As far as the "you can't call the police because it will traumatize the child", that makes no sense to me. If we made a mistake and misinterpreted a document, and were telling a parent we couldn't bring their child from the classroom, and they called the police, and the police came and said "well, actually he can take his daughter", we'd collect the child from the classroom and that would be that. The child would never need to know. Then again we often have police in our building, because they're picking up their kids, or because they came in to inform us of something going on in the neighborhood, etc . . .
And if a noncustodial parent challenged us, and said "actually the law says X" which was different from our interpretation, then we'd check with our lawyers, and if they said "he's right" then that would be the end.

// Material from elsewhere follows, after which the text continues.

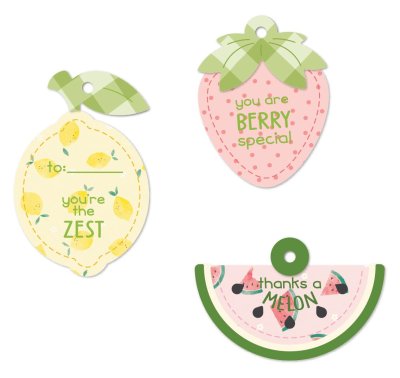 Lawn fawn Dies - Fruit Tiny Tags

I'm not saying that there might not be a situation where we'd misinterpret and deny a parent access once, but I can't see how it would be an ongoing thing.
Please don't be offended! Of course
there are schools that handle these things correctly! It sounds like yours is one. Good for you. (My husband read your post and wishes you would advertise the name of your school, so all the non-custodial fathers who have problems with their kids' schools can either bribe their exes into moving into your district, or use your school as a model, to teach other schools how to handle things properly.)

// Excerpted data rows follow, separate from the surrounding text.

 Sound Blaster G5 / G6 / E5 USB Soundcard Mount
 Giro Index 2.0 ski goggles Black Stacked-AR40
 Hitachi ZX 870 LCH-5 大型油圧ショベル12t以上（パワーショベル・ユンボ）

My step-son attended three consecutive schools which handled these things poorly and I've heard complaints from other parents, so I know it's not just one
school out there where non-custodial fathers have problems. And the problems are not just with school administrators! The attorneys
for two different school systems my husband dealt with - in two different states - did not follow the laws... Because in the end (and this is really the issue I was trying to address, not all the personal specifics) a non-custodial parent's access rights are typically treated as a civil matter, not criminal
in states like ours, where the letter of the law says denying a NCP's access to a child is just as much
"custodial interference" as doing it to a CP. That means
if a NCP calls the cops, even
if the cops read the orders, they are often STILL trained to defer to the CP and tell the NCP to take her back to court...because denying the NCP's access to the child is not a crime
, it's a civil offense, to be evaluated by a civil judge. It's not the purview of cops, prosecutors...or school system attorneys.
Ergo, despite common sense and how it sounds like things "should" work, Dads who ask cops to defend their right to pick up their kids at school are often disappointed with the result and later accused of being combative. ("The school staff isn't hostile toward my ex-husband because of what I'VE said about him, it's because he harasses them by calling the cops, who never side with him anyway. He just does it to cause a scene. See? Having him at school is disruptive to everyone. That's why I try to keep him away.")

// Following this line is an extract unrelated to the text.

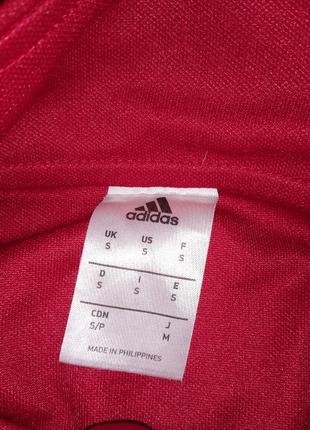 Кофта спортивна adidas футбольна команда розмір s2 фото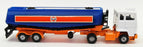 Corgi Appx 30cm Long Diecast 1160 - Gulf Petrol Tanker Ford Tilt Cab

As far as traumatizing the child, envision this scenario:
*A 4-year-old is repeatedly told by his mother, "Make sure you tell your teacher if you ever see Daddy around school, so someone can call the police and protect everyone. All the adults know he's too dangerous to have around your school."
*Dad arrives (to pick up the kid at the end of the day for a court-ordered visit, or to attend Daddy Day, or to exercise his legal right to meet his kid's teacher...)
*The teacher tells Dad to leave or she'll call the police.
*Dad says, "Go ahead, I'm sure they'll explain to you what my rights are."
*Cops arrive and tell Dad, "What your ex has instructed the school does not jive with your court orders, but this is a civil issue and she's the CP. Take her back to court. But right now, if she says you can't be here, you need to leave."
...What the 4-year-old walks away believing is that just like Mommy said
the cops made Daddy leave his school because there's something dangerous about his Dad.
Momily, I'm glad you haven't had to deal with this stuff, but it's real for a lot of people.